━━━━━ Extracted data

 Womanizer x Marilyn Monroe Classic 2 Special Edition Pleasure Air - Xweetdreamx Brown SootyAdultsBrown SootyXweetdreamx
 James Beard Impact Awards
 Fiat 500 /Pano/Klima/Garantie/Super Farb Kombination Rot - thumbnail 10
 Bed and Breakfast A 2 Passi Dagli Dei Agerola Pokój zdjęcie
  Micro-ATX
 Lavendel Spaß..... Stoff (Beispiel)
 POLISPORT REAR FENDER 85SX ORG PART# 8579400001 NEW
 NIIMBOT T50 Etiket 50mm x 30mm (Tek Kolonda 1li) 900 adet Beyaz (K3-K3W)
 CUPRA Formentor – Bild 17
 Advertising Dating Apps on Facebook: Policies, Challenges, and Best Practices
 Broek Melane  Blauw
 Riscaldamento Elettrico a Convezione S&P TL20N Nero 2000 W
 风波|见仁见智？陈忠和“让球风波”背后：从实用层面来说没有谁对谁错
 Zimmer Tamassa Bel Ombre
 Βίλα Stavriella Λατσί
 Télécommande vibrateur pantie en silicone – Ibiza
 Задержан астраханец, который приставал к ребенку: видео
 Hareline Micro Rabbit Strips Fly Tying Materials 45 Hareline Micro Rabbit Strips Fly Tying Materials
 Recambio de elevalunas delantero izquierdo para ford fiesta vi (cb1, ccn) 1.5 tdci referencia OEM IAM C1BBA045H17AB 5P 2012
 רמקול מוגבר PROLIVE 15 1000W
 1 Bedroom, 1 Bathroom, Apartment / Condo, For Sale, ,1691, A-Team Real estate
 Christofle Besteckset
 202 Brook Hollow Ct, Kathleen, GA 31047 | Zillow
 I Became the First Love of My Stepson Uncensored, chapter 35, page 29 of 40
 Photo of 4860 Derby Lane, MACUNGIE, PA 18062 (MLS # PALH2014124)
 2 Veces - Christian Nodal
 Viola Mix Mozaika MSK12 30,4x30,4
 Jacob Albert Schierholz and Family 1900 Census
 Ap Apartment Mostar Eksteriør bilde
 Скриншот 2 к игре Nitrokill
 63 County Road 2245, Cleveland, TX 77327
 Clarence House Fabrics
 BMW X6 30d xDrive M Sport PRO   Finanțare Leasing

━━━━━━━━━━

• [Work order]:
Quote only the lines from the line containing "Télécommande vibrateur pantie" through the end of the listing, please, keeping both the first and the last line.

• [Response to this task]:
 Télécommande vibrateur pantie en silicone – Ibiza
 Задержан астраханец, который приставал к ребенку: видео
 Hareline Micro Rabbit Strips Fly Tying Materials 45 Hareline Micro Rabbit Strips Fly Tying Materials
 Recambio de elevalunas delantero izquierdo para ford fiesta vi (cb1, ccn) 1.5 tdci referencia OEM IAM C1BBA045H17AB 5P 2012
 רמקול מוגבר PROLIVE 15 1000W
 1 Bedroom, 1 Bathroom, Apartment / Condo, For Sale, ,1691, A-Team Real estate
 Christofle Besteckset
 202 Brook Hollow Ct, Kathleen, GA 31047 | Zillow
 I Became the First Love of My Stepson Uncensored, chapter 35, page 29 of 40
 Photo of 4860 Derby Lane, MACUNGIE, PA 18062 (MLS # PALH2014124)
 2 Veces - Christian Nodal
 Viola Mix Mozaika MSK12 30,4x30,4
 Jacob Albert Schierholz and Family 1900 Census
 Ap Apartment Mostar Eksteriør bilde
 Скриншот 2 к игре Nitrokill
 63 County Road 2245, Cleveland, TX 77327
 Clarence House Fabrics
 BMW X6 30d xDrive M Sport PRO   Finanțare Leasing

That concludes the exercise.